LULU GARCIA-NAVARRO, HOST:

At the Democratic presidential debate this past week, Senator Kamala Harris of California criticized former Vice President Joe Biden for his opposition to court-ordered busing to desegregate schools in the 1970s. Harris, as she pointed out, was herself bused to a mostly white school as a child. Joining us now to talk about busing is Matt Delmont, professor of history at Dartmouth College. He's also the author of "Why Busing Failed: Race, Media And The National Resistance To School Desegregation."

Welcome to the program.

MATTHEW DELMONT: Thank you for having me.

GARCIA-NAVARRO: So remind us - what was the busing program?

DELMONT: Busing programs were efforts to try to desegregate America's schools. These programs started initially voluntarily, primarily in northern cities - so as early as the late 1950s. The one that Harris was involved in was in Berkeley, Calif., in the late 1960s. There were one tool among many that school districts used to try to integrate their schools.

GARCIA-NAVARRO: And so that was basically taking African American kids from certain neighborhoods, putting them on buses and putting them into schools that were predominantly white.

DELMONT: Exactly. And I should clarify that school buses have long been used in America's schools. It's what made the modern school districts possible. That kind of busing was never controversial. It wasn't controversial until it got linked to school desegregation. So the kind of program that showed up in the 1950s, '60s and '70s were either one-way programs, where they would bus minority students - black, Latino students - from predominately minority schools to white schools, or two-way programs, where they would have across-town busing.

GARCIA-NAVARRO: And there was a lot of pushback to it from both the left and the right.

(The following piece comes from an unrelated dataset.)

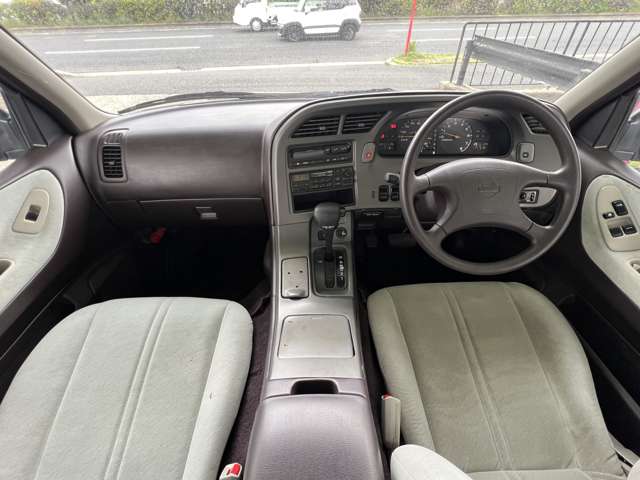 1993 Nissan Largo – thumbnail 3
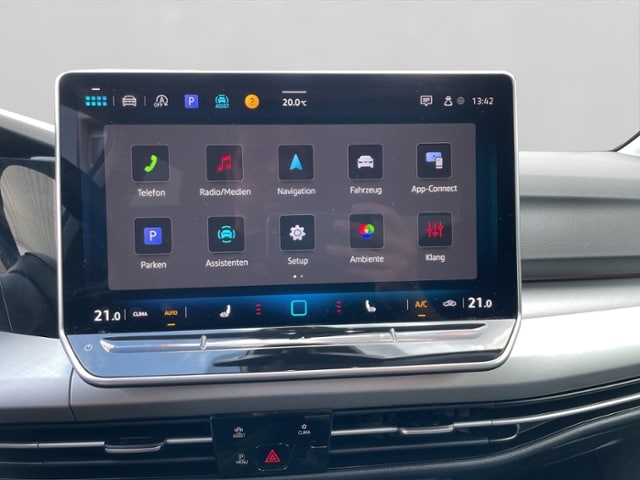 Volkswagen Golf 1.5 TSI Golf VIII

DELMONT: That's true. Among white politicians, both Democrats and Republicans, there was a lot of anti-busing sentiment. And what they were picking up on was a lot of concerns among white parents. They were concerned that they were going to lose the kind of privileges they had to better-resourced schools and more - better-resourced neighborhoods.

GARCIA-NAVARRO: So what happened? What went out?

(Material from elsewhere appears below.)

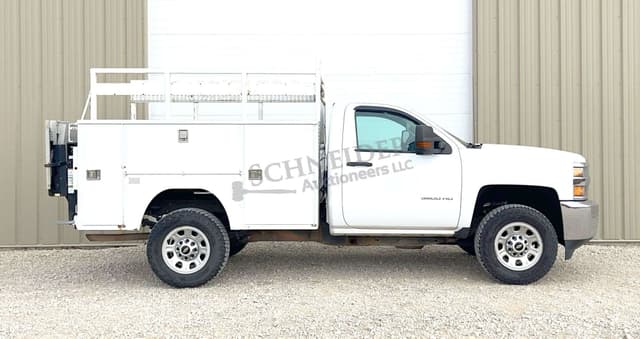 Image of Chevrolet 3500HD equipment image 2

DELMONT: Well, there are still a number of schools who are trying to use busing for school desegregation - just isn't as controversial or isn't as much in the news as it was historically. I think what went out was Joe Biden's kind of opposition to it, to that general sense that busing was not a positive thing. It was too onerous and too much of a federal overreach. That sentiment should really carry the day in terms of how politicians, in terms of how a lot of parents - white parents view the issue. But what I think was interesting about Harris bringing it up in the Democratic debate was that for herself as a student and for a lot of students of color who went through these programs, they were very beneficial. If you look 10, 15 years down the road, it opened up a lot of different educational opportunities for students who went through desegregation programs.

GARCIA-NAVARRO: So what is the state of school integration today. If that is the stated goal that kids from minority backgrounds should have equal opportunity to good schools, where does that stand? Did losing a formal busing program have ramifications in your view?

DELMONT: It did. So there's a lot of, I say, lip service given to the ideal of integration, but there's an extreme lack of political will and urgency and leadership to try to make any real integration happen in America's schools. Over the last decade and a half, both courts and politicians and local school officials have really kind of backtracked on trying to live up to the mandate of the Brown v. Board decision and trying to make good on the constitutional promises of equal education opportunities for all students. The reason I think it's sold out is because it's - it is a controversial issue. And it requires people to make a set of choices that are going to benefit not just their own students, not just their own children but all the children within a city or within a region.

GARCIA-NAVARRO: So explain.

DELMONT: These things can be accomplished in most large cities without extensive busing. They just have to redraw school district lines. That's controversial because a lot of parents with means, primarily white parents and upper-middle-class parents, purposely buy homes in areas where they know they're going to be sending their children to schools that are largely segregated. They're going to end up in schools with very, very few students of color. Anything that's going to upset that tends to be controversial. This is controversial in cities like New York, among people who would identify as liberal. And it's controversial in cities with more conservative populations.

GARCIA-NAVARRO: Busing hasn't really been in the news very much, even though it was so controversial back when it started and into the '70s and '80s. Were you surprised that it became a sudden campaign issue?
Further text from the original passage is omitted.